Add an extractor for CNN (closes #1318)

2013-08-27 11:56:48 +02:00
parent e86ea47c02
commit 1a582dd49d
2 changed files with 48 additions and 0 deletions
--- a/youtube_dl/extractor/init.py
+++ b/youtube_dl/extractor/init.py
@@ -9,6 +9,7 @@ from .brightcove import BrightcoveIE
 from .c56 import C56IE
 from .canalplus import CanalplusIE
 from .canalc2 import Canalc2IE
 from .cnn import CNNIE
 from .collegehumor import CollegeHumorIE
 from .comedycentral import ComedyCentralIE
 from .condenast import CondeNastIE
--- a/youtube_dl/extractor/cnn.py
+++ b/youtube_dl/extractor/cnn.py
@@ -0,0 +1,47 @@
 import re
 import xml.etree.ElementTree
 from .common import InfoExtractor
 from ..utils import determine_ext
 class CNNIE(InfoExtractor):
    _VALID_URL = r'https?://(edition\.)?cnn\.com/video/(data/.+?|\?)/(?P<path>.+?/(?P<title>[^/]+?)\.cnn)'
    _TEST = {
        u'url': u'http://edition.cnn.com/video/?/video/sports/2013/06/09/nadal-1-on-1.cnn',
        u'file': u'sports_2013_06_09_nadal-1-on-1.cnn.mp4',
        u'md5': u'3e6121ea48df7e2259fe73a0628605c4',
        u'info_dict': {
            u'title': u'Nadal wins 8th French Open title',
            u'description': u'World Sport\'s Amanda Davies chats with 2013 French Open champion Rafael Nadal.',
        },
    }
    def _real_extract(self, url):
        mobj = re.match(self._VALID_URL, url)

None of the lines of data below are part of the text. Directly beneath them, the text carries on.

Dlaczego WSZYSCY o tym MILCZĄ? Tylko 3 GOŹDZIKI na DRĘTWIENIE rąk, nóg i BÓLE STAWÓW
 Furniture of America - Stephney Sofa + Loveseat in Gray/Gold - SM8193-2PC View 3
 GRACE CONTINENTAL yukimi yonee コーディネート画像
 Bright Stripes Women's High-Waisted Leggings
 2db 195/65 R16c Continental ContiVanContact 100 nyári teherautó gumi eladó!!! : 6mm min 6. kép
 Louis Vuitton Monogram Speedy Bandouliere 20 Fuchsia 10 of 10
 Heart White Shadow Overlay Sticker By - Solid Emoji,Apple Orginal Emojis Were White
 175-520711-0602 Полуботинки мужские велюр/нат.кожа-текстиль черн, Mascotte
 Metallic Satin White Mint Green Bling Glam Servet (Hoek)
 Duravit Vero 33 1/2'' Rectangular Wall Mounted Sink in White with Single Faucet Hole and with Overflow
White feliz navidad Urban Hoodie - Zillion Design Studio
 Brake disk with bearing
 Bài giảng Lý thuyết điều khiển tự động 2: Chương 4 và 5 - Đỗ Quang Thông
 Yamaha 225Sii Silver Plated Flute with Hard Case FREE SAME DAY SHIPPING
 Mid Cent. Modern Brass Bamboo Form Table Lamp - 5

        path = mobj.group('path')
        page_title = mobj.group('title')
        info_xml = self._download_webpage(
            'http://cnn.com/video/data/3.0/%s/index.xml' % path, page_title)
        info = xml.etree.ElementTree.fromstring(info_xml.encode('utf-8'))
        formats = []
        for f in info.findall('files/file'):
            mf = re.match(r'(\d+)x(\d+)(?:_(.*)k)?',f.attrib['bitrate'])
            if mf is not None:
                formats.append((int(mf.group(1)), int(mf.group(2)), int(mf.group(3) or 0), f.text))
        formats = sorted(formats)
        (_,_,_, video_path) = formats[-1]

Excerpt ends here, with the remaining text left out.